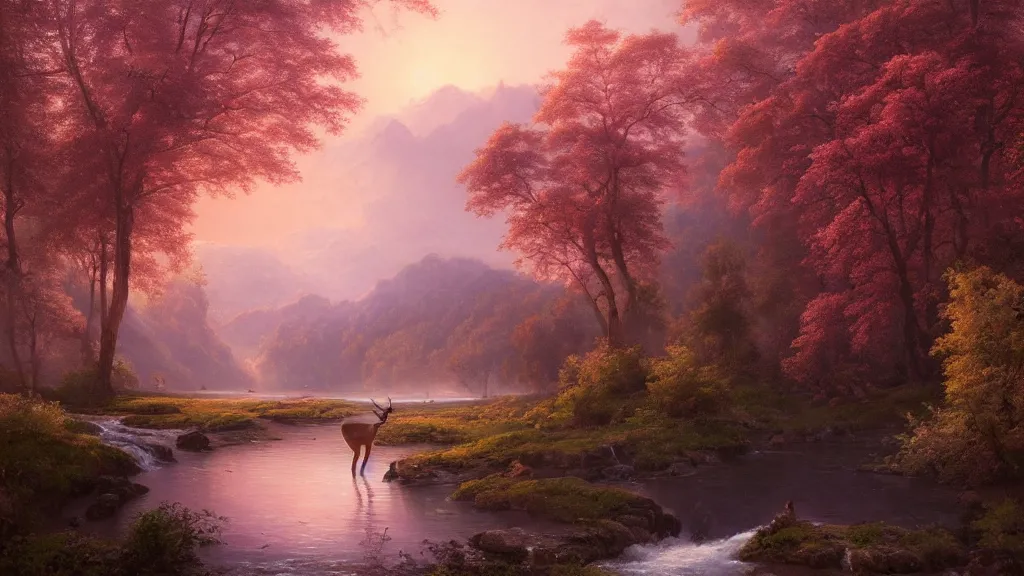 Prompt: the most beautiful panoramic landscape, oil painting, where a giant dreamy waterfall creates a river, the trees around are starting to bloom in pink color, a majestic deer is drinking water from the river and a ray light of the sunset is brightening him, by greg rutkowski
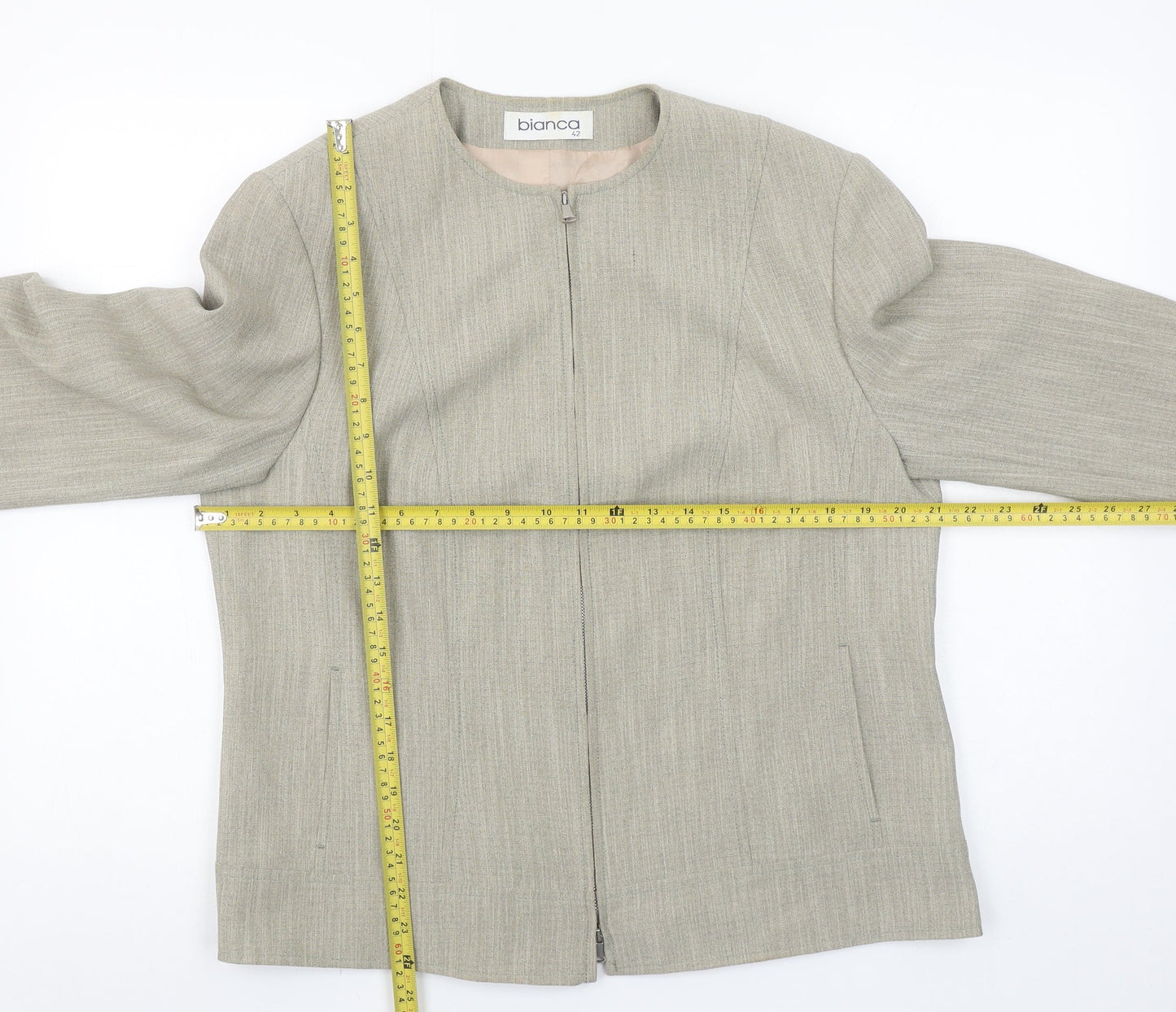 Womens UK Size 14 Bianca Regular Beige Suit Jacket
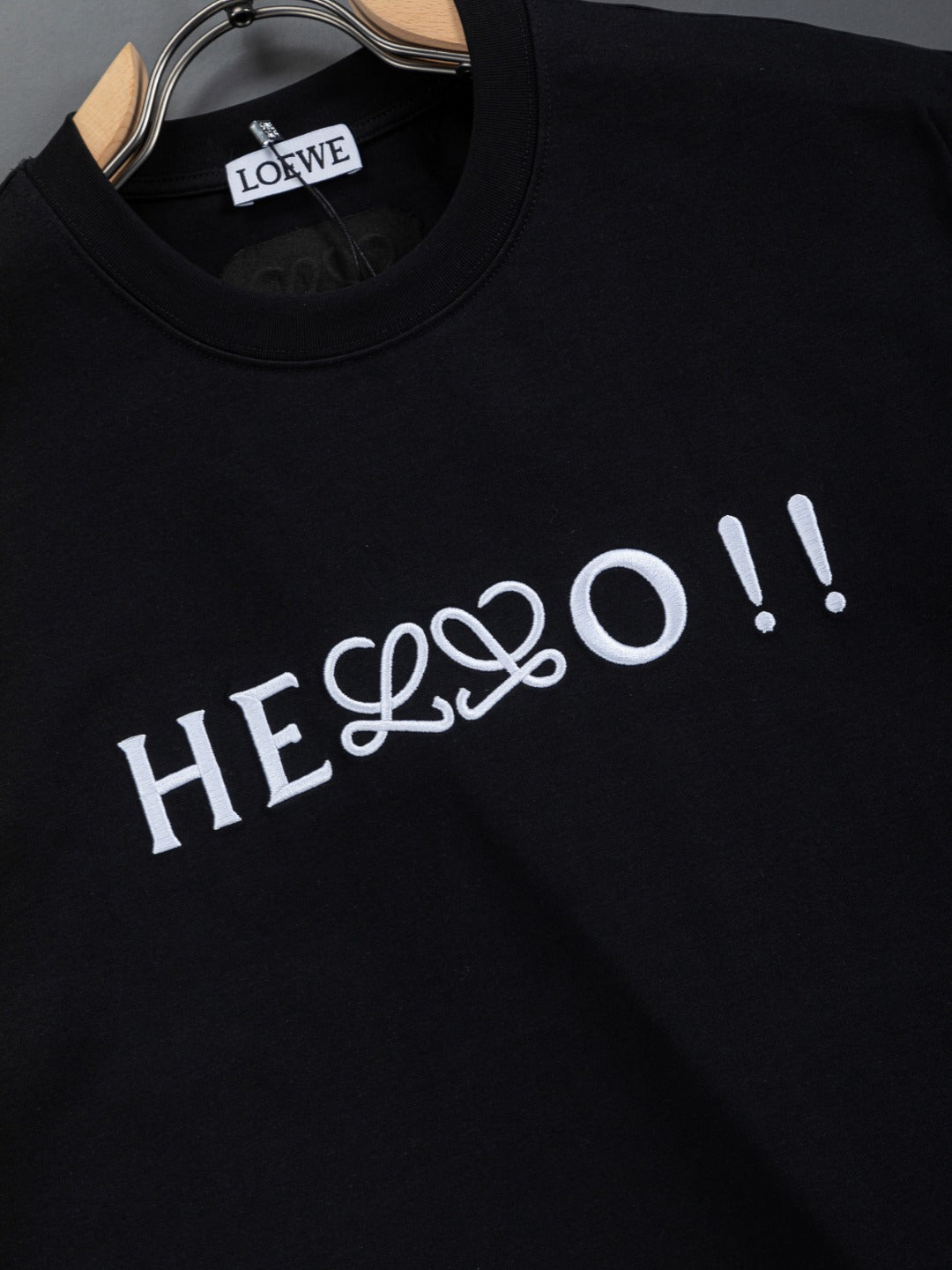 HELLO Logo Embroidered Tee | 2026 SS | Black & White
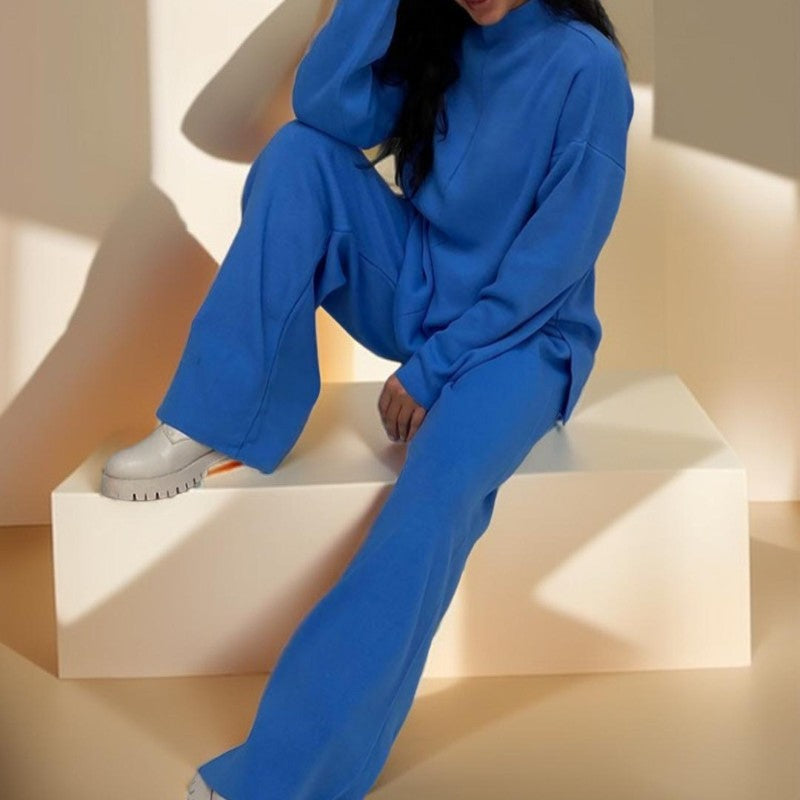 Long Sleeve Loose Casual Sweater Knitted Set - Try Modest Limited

• **Task prompt**: I would like the material repeated in full and exactly, with its images omitted.

• **Answer to this task**:
 Prompt: the most beautiful panoramic landscape, oil painting, where a giant dreamy waterfall creates a river, the trees around are starting to bloom in pink color, a majestic deer is drinking water from the river and a ray light of the sunset is brightening him, by greg rutkowski
 Womens UK Size 14 Bianca Regular Beige Suit Jacket
 HELLO Logo Embroidered Tee | 2026 SS | Black & White
 Long Sleeve Loose Casual Sweater Knitted Set - Try Modest Limited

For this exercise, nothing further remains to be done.